## TASK STATEMENT
An exact copy of every entry is required, minus the pictures.

## RAW DATA
--*--

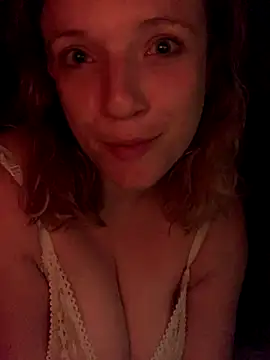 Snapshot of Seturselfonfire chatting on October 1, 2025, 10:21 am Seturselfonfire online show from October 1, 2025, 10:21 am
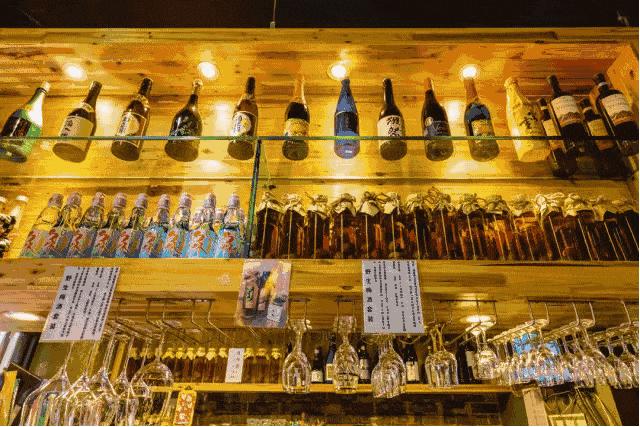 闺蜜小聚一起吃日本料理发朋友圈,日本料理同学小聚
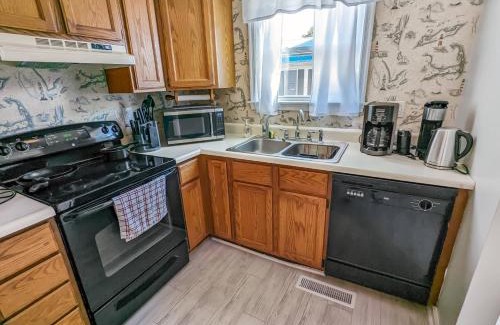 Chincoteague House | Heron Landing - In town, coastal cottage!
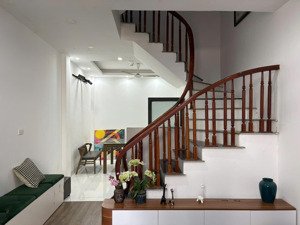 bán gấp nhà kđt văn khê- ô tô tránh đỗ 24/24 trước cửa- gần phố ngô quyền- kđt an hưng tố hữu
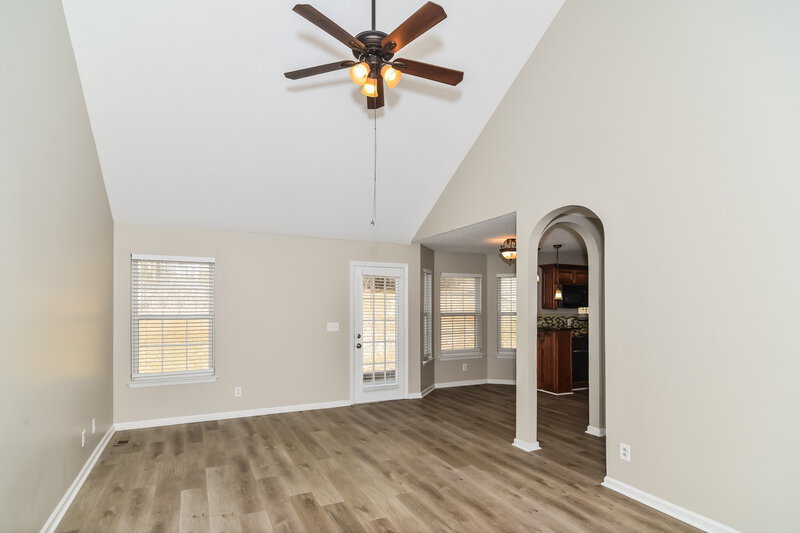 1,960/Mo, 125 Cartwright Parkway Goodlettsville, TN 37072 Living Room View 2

--*--

## ANSWER BOX
 Snapshot of Seturselfonfire chatting on October 1, 2025, 10:21 am Seturselfonfire online show from October 1, 2025, 10:21 am
 闺蜜小聚一起吃日本料理发朋友圈,日本料理同学小聚
 Chincoteague House | Heron Landing - In town, coastal cottage!
 bán gấp nhà kđt văn khê- ô tô tránh đỗ 24/24 trước cửa- gần phố ngô quyền- kđt an hưng tố hữu
 1,960/Mo, 125 Cartwright Parkway Goodlettsville, TN 37072 Living Room View 2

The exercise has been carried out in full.